Next, just mix in your stand mixer or with the dough hook attachment on your hand mixer.
Now this is the important part. You want the texture to be just right-not too dry and not too wet. It should start to pull away from the sides of the bowl. You don’t want it sticky. If it is sticky you can add more flour, a quarter cup at a time, until you get the right texure. If it is too dry you can add a bit more water.
This is probably the hardest part but if you do it a couple of times you will learn what it looks and feels like. It should be able to peel right off of the bowl and your hands and not stick.
If you are using a stand mixer, you will want to let it knead for about 8 minutes. If you are doing it by hand it can take a bit longer, and up to 20 minutes to get the right feel. Just think of it as a really great arm workout!
Step 4. Rise
Next, put your dough into a larger, greased bowl. It will need room to grow so be sure your bowl is big enough so that the dough can double in size.
Cover your dough. With a clean towel, not Fit Stanley. He’s such a ham.
I love the flour sack towels for this purpose. They are light-weight and give the dough room to breathe and you don’t run the risk of getting any towel fuzz into your dough. Not that I have ever done that or anything. You can get them at Wal-mart and Bed, Bath and Beyond.
Why, Fit Stanley, I think you’ve grown!!!
You want to keep your dough in a warm, draft-free place to rise. This process usually takes about an hour. However, remember how yeast loves that warm, moist environment? So depending on the humidity level and temperature in your home, your dough my rise faster or slower than that.
If you’re in a rush for time, a good way to rise your dough very quickly is to, while you are making your dough, put your oven on it’s lowest setting and boil a pot of water on the stove. Turn the oven off once it reaches that low temperature (on my oven it is 170 degrees) and keep the door shut. Then once your dough is ready, place the pot of steaming water and the bowl with your dough in it in the oven. This basically creates a sauna for your dough and the yeast will love you for it.

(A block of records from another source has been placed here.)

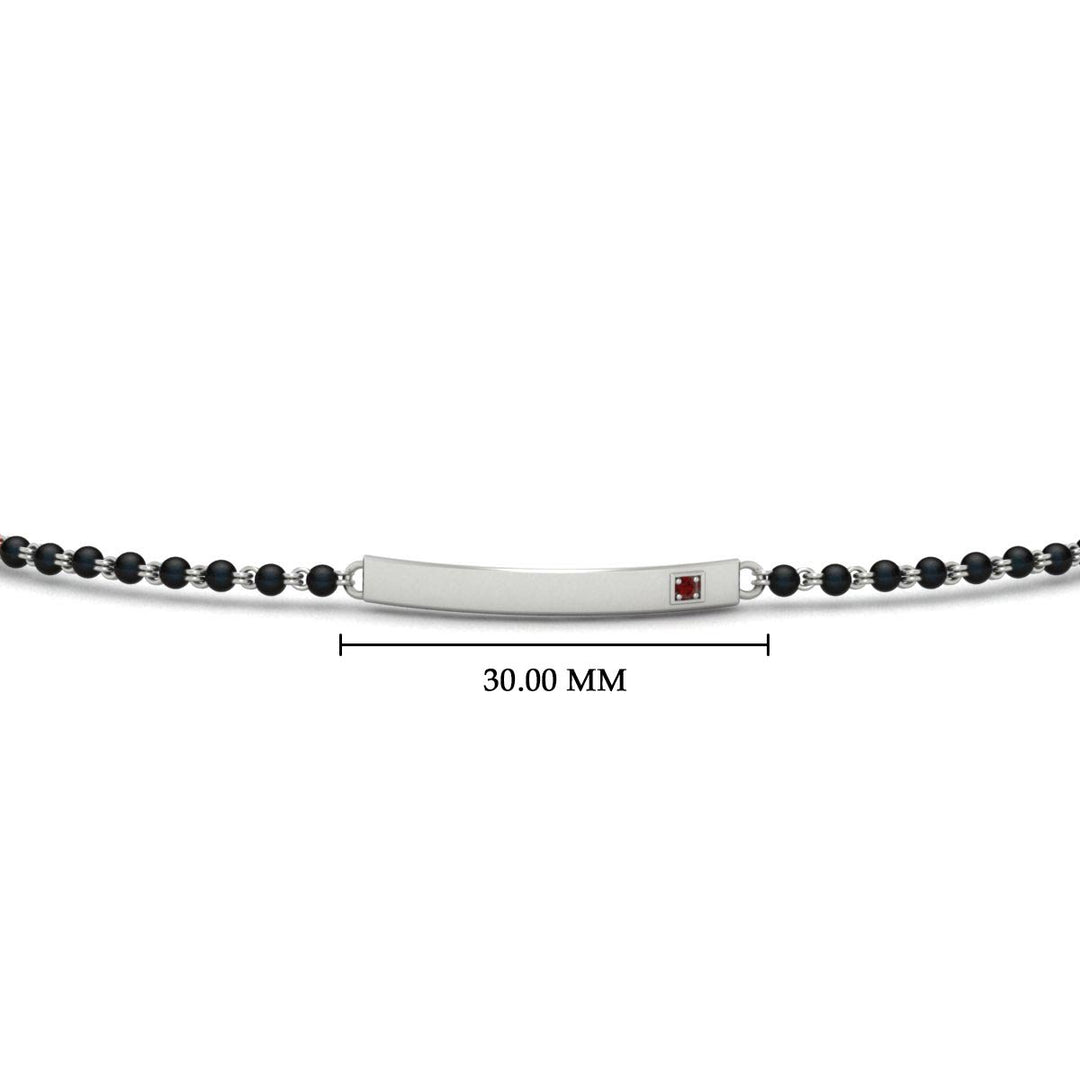 mens-ruby-bar-mangalsutra-bracelet-in-white-gold-mgsmbrc11833grudrangle5-nl-wg-hw.jpg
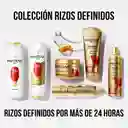 Acondicionador Pantene Pro-V Rizos Definidos Rinse 400 ml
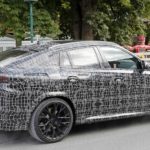 BMW X6 M F96 Spy 2020 (10)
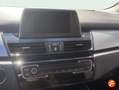 BMW 216 216d Blanco - thumbnail 18
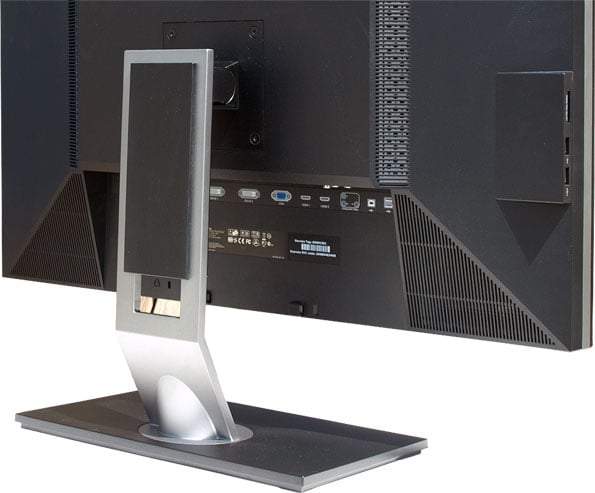 Dell UltraSharp U3011 30-inch Monitor Review - Page 2 | HotHardware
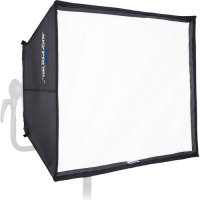 ARRI Chimera POP Bank for SkyPanel S60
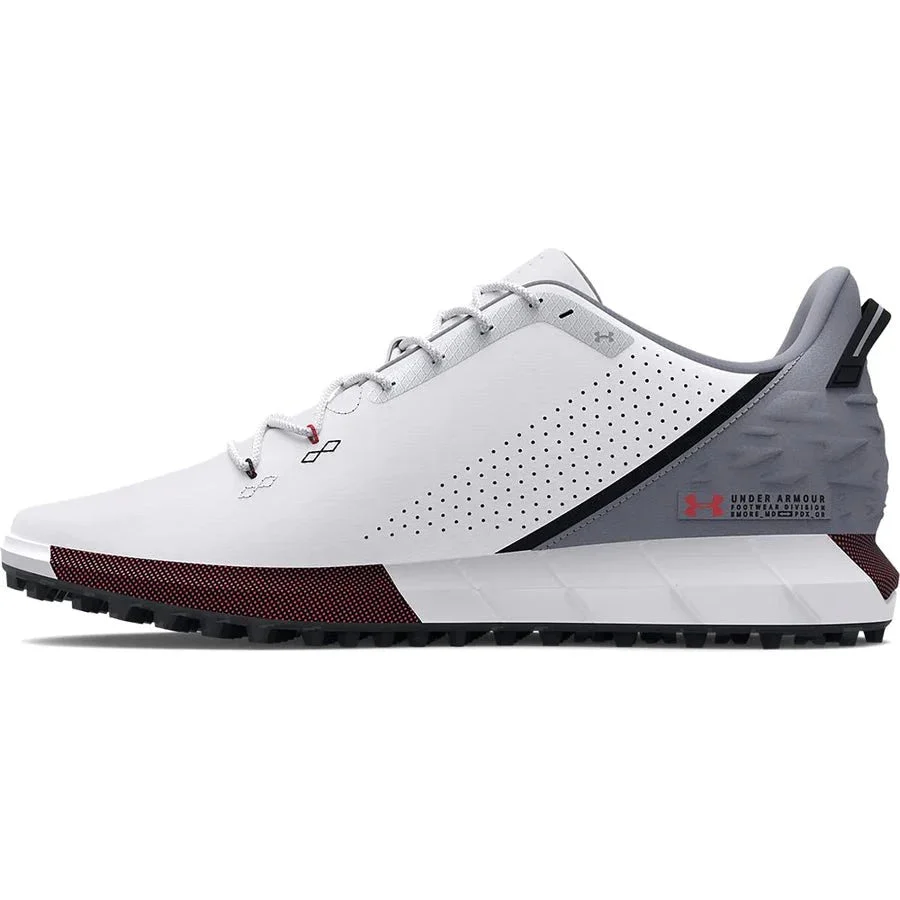 Under Armour HOVR Drive SL Golf Shoes 3025079 - Image 4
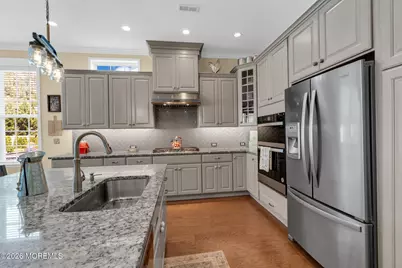 198 Ambermist Way, Forked River, NJ 08731 - Photo 35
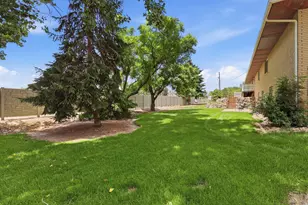 635 W 2400 N, Genola, UT 84655 - Photo 18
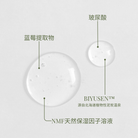 #show-lang-zh-cn #all-groups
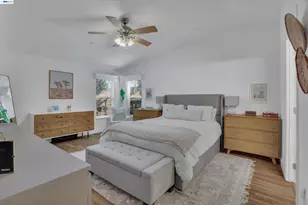 60 Palm Dr, Union City, CA 94587 - Photo 17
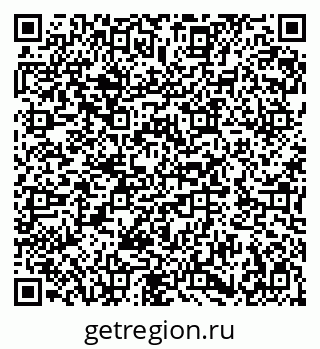 79282009984
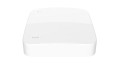 Zestaw do monitoringu Tenda K4P-4CR 4-kamery PoE - 1465370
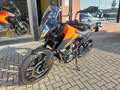 KTM 390 Adventure Arancione - thumbnail 2
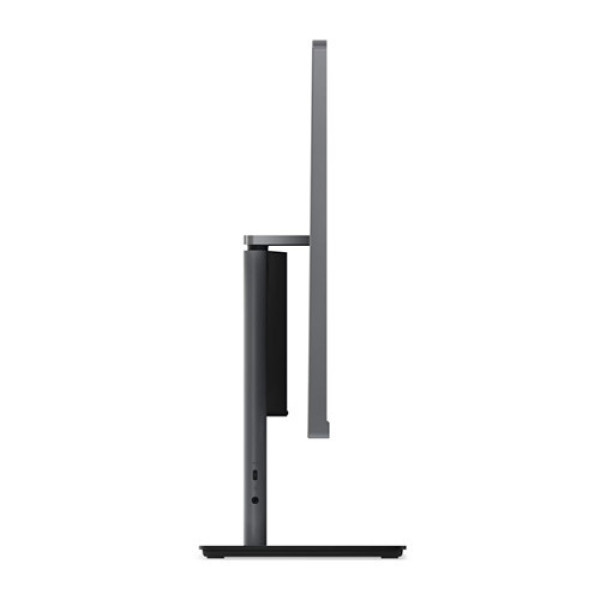 PC All in one Lenovo ThinkCentre neo 50a 27 Gen5 12SA001GVA (Core i5-13420H | 16GB | 512GB | 27 inch FHD | NoOS | 1Yr)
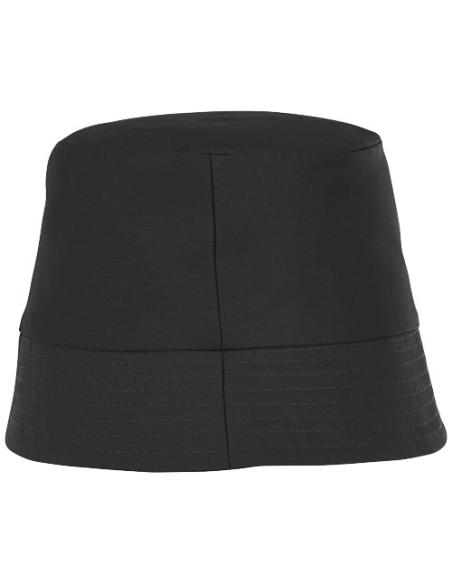 Gorro para el sol N09926683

Ta-da!!! I bet you are glad you used that really big bowl now aren’t you?
Step 5. Punch it out!
Flour a flat surface.
Next is my children’s favorite part: turn the dough out on your floured surface and work out your frustrations by punching it down. Knead it for a couple more minutes and then simply shape into a loaf (if you are making multiple loaves, you would divide them at this point and then shape).
Place your shaped loaves into greased bread pans. I only own 3, so I freeze the fourth loaf. I simply spray some saran wrap with cooking spray (comes off easily when I remove it from the freezer that way) and wrap it up and then wrap that in foil. When it’s time to bake it, I just plop it into the bread pan and allow it to rise again and bake as usual.
Step 6. Rise…again
Cover. Again. Let rise. Again.
The second rise shouldn’t take as long as the first-usually about a half hour.
Step 7. Bake
Bake at 350 for 25-30 minutes.
The finished product. Guaranteed to be much yummier than Wonderbread.
Step 8. Eat
Perfect! Great job, Fit Stanley!
Step 9. Ward off the crowds of people who flock to your house as they smell the yummy goodness of your fresh-baked bread. Make your friends jealous. Be the cool mom. Save the world.
Disclaimer: I cannot be held responsible for any family feud that transpires as you fight with your family members for the last slice. You might want to go ahead and use my 4-loaf method. I also cannot claim responsibility for profits lost for bread manufacturers the world over. Because I guarantee you will never go back!